Le développement par l’arganier

Le but de ce projet qui a été réalisé en partenariat avec l’Union européenne est d’encourager la participation des femmes rurales pour en faire des actrices du développement socio-économique de la région. Un développement qui ne peut se faire qu’avec une approche s’appuyant sur les données naturelles qu’offre l’environnement. Ainsi, l’ADS vise, entre autres, à favoriser le regain d’intérêt des populations locales à la gestion et au développement durable de l’arganier.
Le projet Arganier se base sur des approches qui ont pour objectif de renforcer l’organisation professionnelle et l’amélioration des conditions de production. Dans ce cadre, le projet Arganier tend à moderniser les procédés et techniques utilisés par la femme rurale.

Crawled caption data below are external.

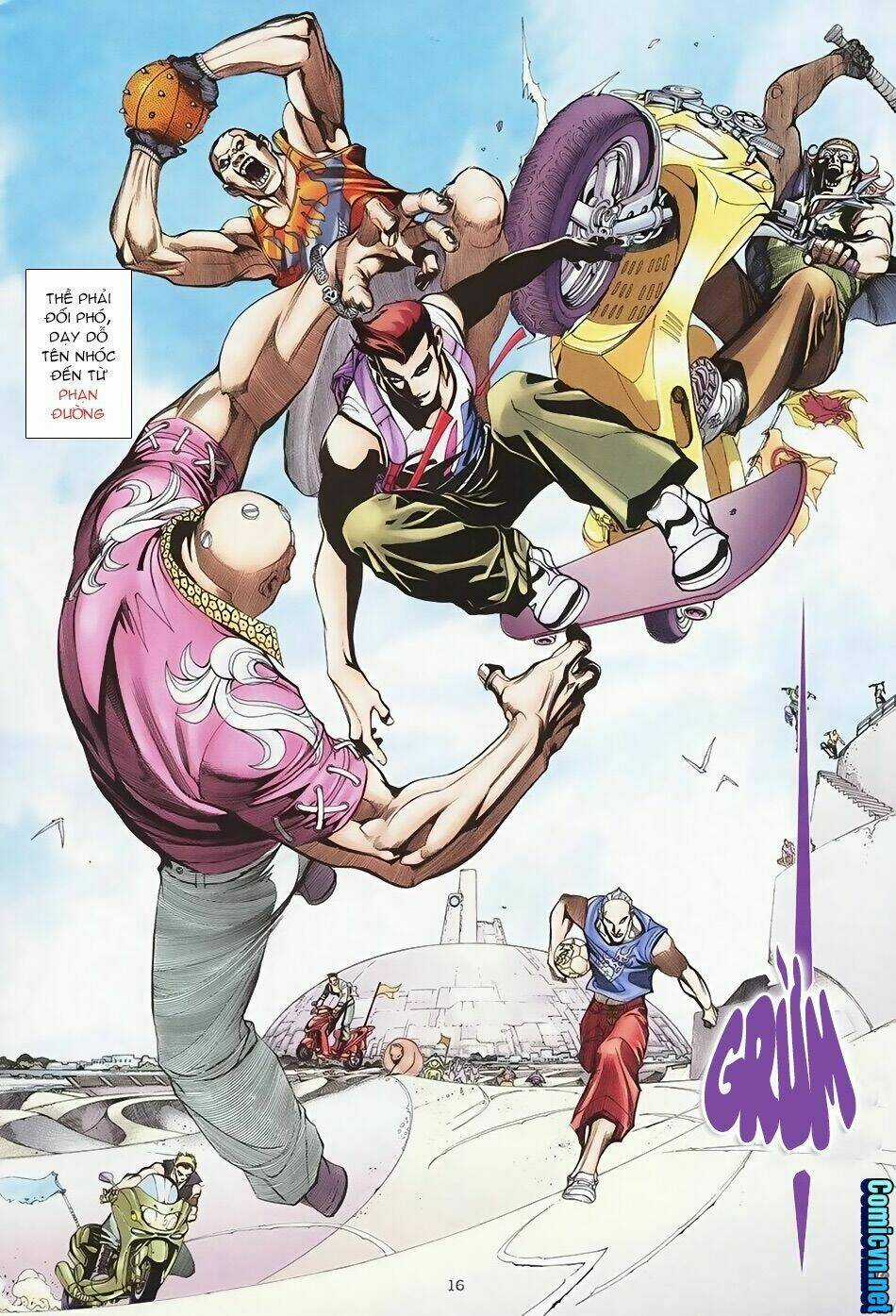 Xích Trụ Phạn Đường Chapter 1.1 trang 12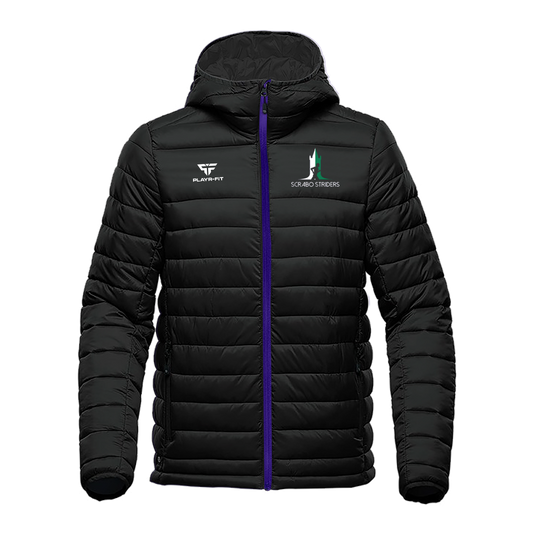 Scrabo Striders Padded Jacket - Adults
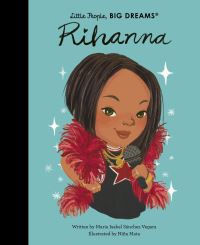 Book Cover for Rihanna by Maria Isabel Sanchez Vegara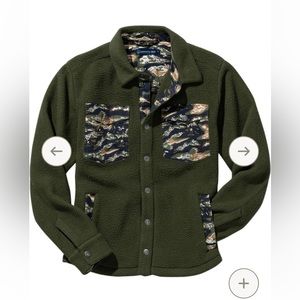 United By Blue Sherpa Shirt Jacket -‎ Men's Medium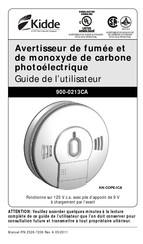 Kidde KN-COPE-ICA Guide De L'utilisateur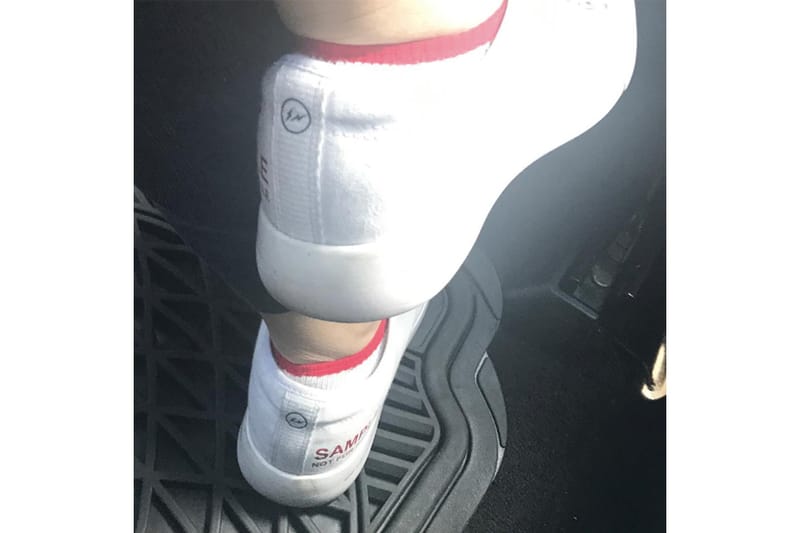 藤原浩曝光 fragment design x CONVERSE 最新聯乘諜照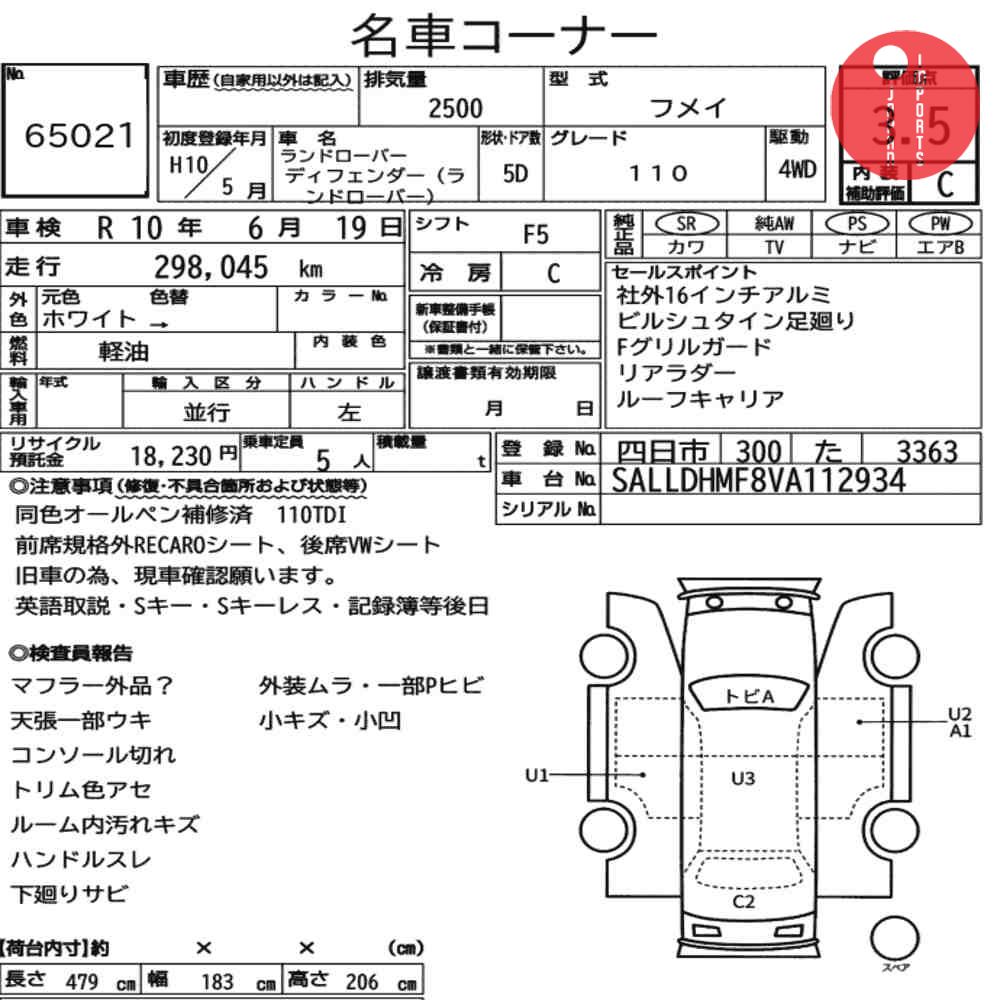 Auction Card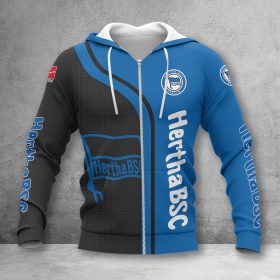 Hertha BSC Zip Hoodie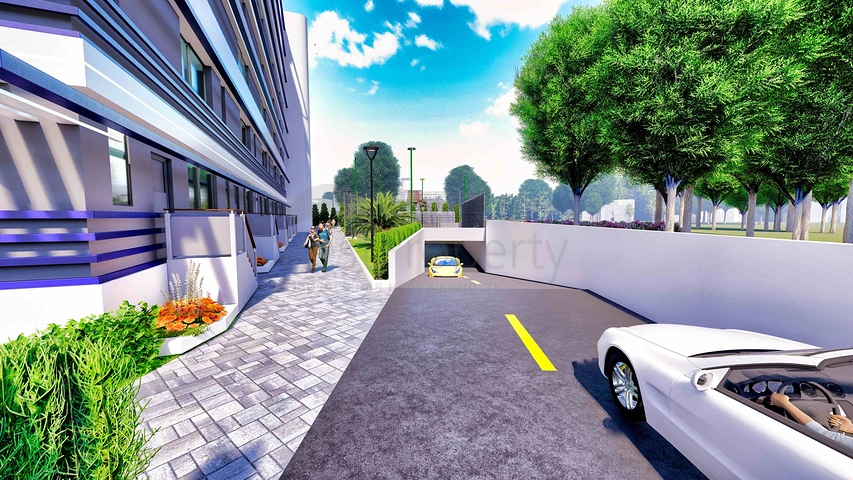 مشروع جديد في منطقة ألتينتاس الأكثر رواجا-أنطاليا 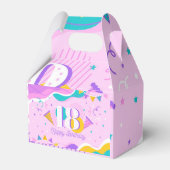 Gelukkige 18e verjaardag. bedankdoosjes (Voorkant Zijde)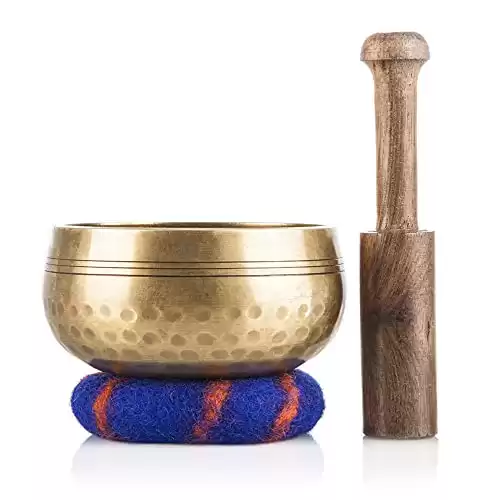 Tranquil Tibetan Singing Bowl Set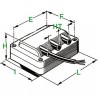 Trasformatore di accensione E820 JOLUX 3 - DIFF per Joannes : 403312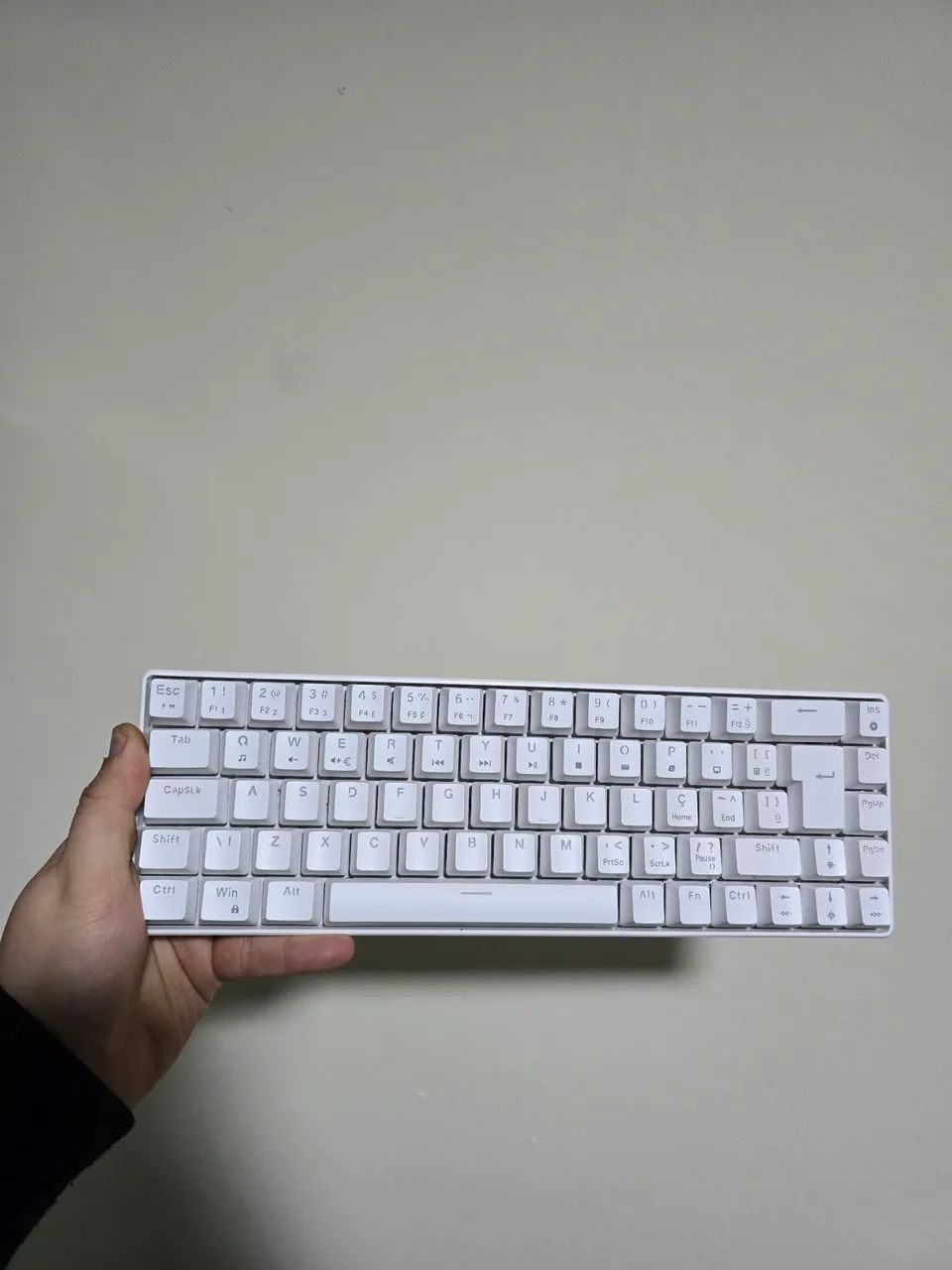Teclado mecânico THUNDER PRO  - Foto 3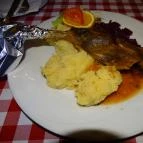 Lámpás Étterem és Galéria Zsámbék - Étel/ital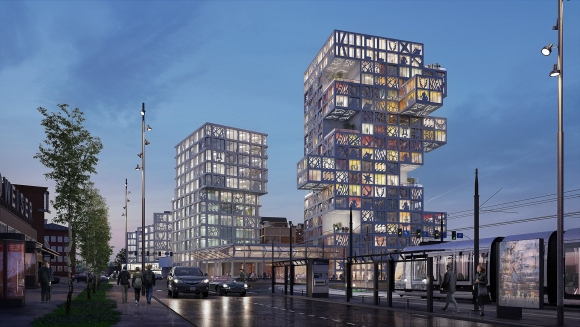 MVRDV архитектурное бюро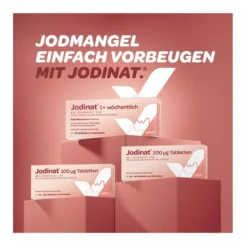 Jodinat 1 x wöchentlich 1530 Mikrogramm Tabletten, 28 St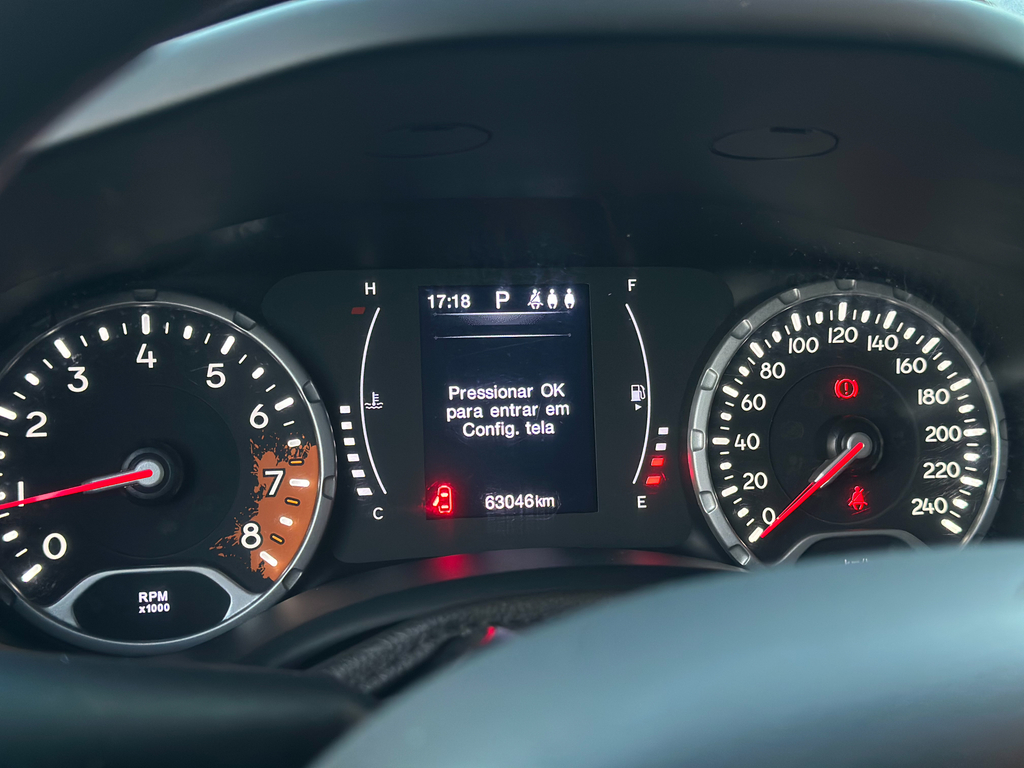 Jeep Renegade Vermelho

Ces approches visent également le développement local (création d’infrastructures sociales de base et encouragement des activités génératrices des revenus ) ainsi que la sensibilisation et la préservation des ressources naturelles qu’offre l’environnement.
Le but escompté est de protéger l’arganier de tous les dangers qui le menacent. Parmi les coopératives financées par ce projet, la coopérative Targa de la commune rurale Aougnz, (province de Chtouka Ait Baha). Pour la présidente de cette coopérative, Zaina Amchtal, ce projet a apporté énormément de bénéfices à la population locale. «Dans le cadre du projet Arganier, notre coopérative a bénéficié d’une subvention pour réaliser notre projet Tamourant (courage, endurance, force de caractère)», affirme-t-elle. «Ce projet, ajoute-t-elle, nous a permis de bénéficier d’un programme d’alphabétisation mais également de formation qui répond à notre besoin de commercialisation». Elle a également expliqué que le projet Arganier «a incité les femmes de la région à s’organiser et à se perfectionner, chose qui était difficile à réaliser sans une aide organisée et bien fondée».
Les provinces d’Essaouira, d’Agadir, d’Inezgane Ait Melloul, Chtouka Ait Baha, de Taroudant et de Tiznit sont les zones d’intervention de ce projet qui bénéficie d’un financement de 12 millions d’euros sur 5 ans. Pour assurer la complémentarité entre les approches de gestion des ressources naturelles, le développement local et la mise à niveau de la filière de l’huile de l’arganier, des communes pilotes ont été choisies  dans chaque province pour permettre la mise en place des programmes en collaboration avec les coopératives, les associations et la commune concernée.
Les résultats de ce projet sont éminents. Il a permis notamment la réglementation du cadre juridique de ce secteur et son application sur le terrain. Il a également sensibilisé la population locale sur l’importance du développement durable qui permet l’exploitation et la préservation. Cependant, la création d’un cadre de performance, d’organisation et de commercialisation qui bénéficie aux femmes de la région, reste un des buts recherchés par l’ADS.